*What the exercise asks*
Please copy every line below that contains the string "Vintage".

________________________

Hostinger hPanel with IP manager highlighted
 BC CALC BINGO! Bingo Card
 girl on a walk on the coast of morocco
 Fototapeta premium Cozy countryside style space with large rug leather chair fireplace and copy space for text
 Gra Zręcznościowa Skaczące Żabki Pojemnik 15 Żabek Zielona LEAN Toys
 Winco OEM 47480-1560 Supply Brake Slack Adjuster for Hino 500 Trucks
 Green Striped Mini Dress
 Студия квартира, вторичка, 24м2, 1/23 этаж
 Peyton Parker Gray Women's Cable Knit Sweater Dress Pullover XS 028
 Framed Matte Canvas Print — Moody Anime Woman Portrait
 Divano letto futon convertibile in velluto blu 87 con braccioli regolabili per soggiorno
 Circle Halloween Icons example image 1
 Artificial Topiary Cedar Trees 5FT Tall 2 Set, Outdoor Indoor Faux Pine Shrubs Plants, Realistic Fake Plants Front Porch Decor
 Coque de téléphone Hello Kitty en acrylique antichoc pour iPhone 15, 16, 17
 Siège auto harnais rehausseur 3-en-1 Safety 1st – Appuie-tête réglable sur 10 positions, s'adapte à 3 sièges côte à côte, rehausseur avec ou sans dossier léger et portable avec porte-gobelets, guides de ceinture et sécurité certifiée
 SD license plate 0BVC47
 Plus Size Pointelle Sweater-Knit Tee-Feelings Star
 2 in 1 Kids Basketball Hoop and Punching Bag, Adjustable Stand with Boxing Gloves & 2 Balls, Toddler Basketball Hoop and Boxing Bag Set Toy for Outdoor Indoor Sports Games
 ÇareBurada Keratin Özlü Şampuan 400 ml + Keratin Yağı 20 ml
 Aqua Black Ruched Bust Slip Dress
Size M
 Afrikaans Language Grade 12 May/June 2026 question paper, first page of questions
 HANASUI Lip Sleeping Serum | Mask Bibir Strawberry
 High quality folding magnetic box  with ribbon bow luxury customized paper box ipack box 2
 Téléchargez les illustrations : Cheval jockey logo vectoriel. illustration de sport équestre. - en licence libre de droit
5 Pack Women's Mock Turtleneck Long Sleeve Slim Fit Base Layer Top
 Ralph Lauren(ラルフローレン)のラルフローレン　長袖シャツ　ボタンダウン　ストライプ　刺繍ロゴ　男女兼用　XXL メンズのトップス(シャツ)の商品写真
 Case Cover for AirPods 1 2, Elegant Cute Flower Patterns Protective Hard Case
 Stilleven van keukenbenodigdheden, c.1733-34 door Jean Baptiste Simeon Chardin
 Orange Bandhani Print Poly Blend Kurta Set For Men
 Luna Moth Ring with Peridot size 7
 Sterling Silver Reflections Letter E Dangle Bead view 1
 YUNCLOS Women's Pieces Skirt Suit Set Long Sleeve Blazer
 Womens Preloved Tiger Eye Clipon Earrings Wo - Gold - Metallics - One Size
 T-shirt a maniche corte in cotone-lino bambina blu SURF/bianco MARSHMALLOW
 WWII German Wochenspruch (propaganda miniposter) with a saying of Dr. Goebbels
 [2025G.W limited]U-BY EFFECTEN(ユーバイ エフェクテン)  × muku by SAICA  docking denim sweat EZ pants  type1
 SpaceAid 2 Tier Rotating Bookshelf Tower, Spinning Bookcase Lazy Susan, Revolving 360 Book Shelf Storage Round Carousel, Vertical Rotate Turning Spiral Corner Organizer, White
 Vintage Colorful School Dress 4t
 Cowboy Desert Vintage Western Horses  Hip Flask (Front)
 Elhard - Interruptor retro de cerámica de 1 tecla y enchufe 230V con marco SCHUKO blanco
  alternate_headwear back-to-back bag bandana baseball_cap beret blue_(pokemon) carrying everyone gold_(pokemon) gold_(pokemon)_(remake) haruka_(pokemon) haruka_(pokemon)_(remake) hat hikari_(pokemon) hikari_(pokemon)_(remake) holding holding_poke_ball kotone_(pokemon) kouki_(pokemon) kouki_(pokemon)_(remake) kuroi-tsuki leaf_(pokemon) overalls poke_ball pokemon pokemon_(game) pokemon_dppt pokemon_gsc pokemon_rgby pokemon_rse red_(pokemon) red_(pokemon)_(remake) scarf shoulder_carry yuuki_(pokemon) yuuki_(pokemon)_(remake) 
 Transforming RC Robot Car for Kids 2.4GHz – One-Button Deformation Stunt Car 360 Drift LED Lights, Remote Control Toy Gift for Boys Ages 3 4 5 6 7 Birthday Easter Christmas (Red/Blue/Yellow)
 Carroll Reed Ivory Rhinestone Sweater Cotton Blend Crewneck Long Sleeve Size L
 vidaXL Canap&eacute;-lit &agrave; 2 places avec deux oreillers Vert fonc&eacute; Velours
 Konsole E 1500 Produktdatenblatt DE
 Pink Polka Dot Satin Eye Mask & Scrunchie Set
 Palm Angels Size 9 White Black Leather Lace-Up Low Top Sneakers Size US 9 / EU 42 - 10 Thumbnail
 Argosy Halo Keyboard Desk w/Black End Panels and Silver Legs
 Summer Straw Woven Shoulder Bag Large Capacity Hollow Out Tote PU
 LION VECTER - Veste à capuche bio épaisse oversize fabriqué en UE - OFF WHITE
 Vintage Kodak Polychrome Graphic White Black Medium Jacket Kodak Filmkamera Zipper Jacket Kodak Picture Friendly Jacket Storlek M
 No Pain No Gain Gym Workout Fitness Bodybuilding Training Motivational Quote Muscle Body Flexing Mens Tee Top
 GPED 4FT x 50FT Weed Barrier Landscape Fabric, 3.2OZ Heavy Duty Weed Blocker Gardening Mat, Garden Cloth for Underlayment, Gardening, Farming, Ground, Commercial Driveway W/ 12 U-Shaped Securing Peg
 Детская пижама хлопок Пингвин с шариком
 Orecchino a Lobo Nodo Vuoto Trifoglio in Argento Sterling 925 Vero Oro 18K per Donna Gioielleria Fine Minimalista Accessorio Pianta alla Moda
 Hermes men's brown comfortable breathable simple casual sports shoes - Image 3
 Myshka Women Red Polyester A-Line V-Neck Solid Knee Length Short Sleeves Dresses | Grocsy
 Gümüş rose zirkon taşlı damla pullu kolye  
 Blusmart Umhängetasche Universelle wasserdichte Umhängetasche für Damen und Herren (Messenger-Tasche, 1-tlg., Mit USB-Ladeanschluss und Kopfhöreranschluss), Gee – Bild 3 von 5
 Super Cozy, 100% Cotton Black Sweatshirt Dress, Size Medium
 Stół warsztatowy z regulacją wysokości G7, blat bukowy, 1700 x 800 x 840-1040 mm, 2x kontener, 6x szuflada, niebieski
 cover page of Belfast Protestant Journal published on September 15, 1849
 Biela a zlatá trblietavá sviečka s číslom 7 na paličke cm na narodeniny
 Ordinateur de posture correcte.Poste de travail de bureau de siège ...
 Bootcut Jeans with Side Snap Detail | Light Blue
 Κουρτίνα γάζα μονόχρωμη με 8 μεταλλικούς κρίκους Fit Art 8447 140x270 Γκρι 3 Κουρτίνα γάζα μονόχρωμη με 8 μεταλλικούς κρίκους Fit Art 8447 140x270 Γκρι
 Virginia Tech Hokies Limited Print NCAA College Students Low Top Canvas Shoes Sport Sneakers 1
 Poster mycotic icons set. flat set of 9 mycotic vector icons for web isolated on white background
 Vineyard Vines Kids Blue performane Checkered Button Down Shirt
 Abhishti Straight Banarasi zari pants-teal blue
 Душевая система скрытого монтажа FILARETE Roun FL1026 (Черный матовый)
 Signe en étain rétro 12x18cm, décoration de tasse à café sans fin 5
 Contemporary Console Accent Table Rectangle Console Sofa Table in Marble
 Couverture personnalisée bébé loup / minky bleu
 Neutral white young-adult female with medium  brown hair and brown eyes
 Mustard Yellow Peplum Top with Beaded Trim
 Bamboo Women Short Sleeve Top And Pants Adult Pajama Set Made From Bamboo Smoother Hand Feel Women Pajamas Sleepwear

________________________

*Answer to the exercise*
 Vintage Colorful School Dress 4t
 Cowboy Desert Vintage Western Horses  Hip Flask (Front)
 Vintage Kodak Polychrome Graphic White Black Medium Jacket Kodak Filmkamera Zipper Jacket Kodak Picture Friendly Jacket Storlek M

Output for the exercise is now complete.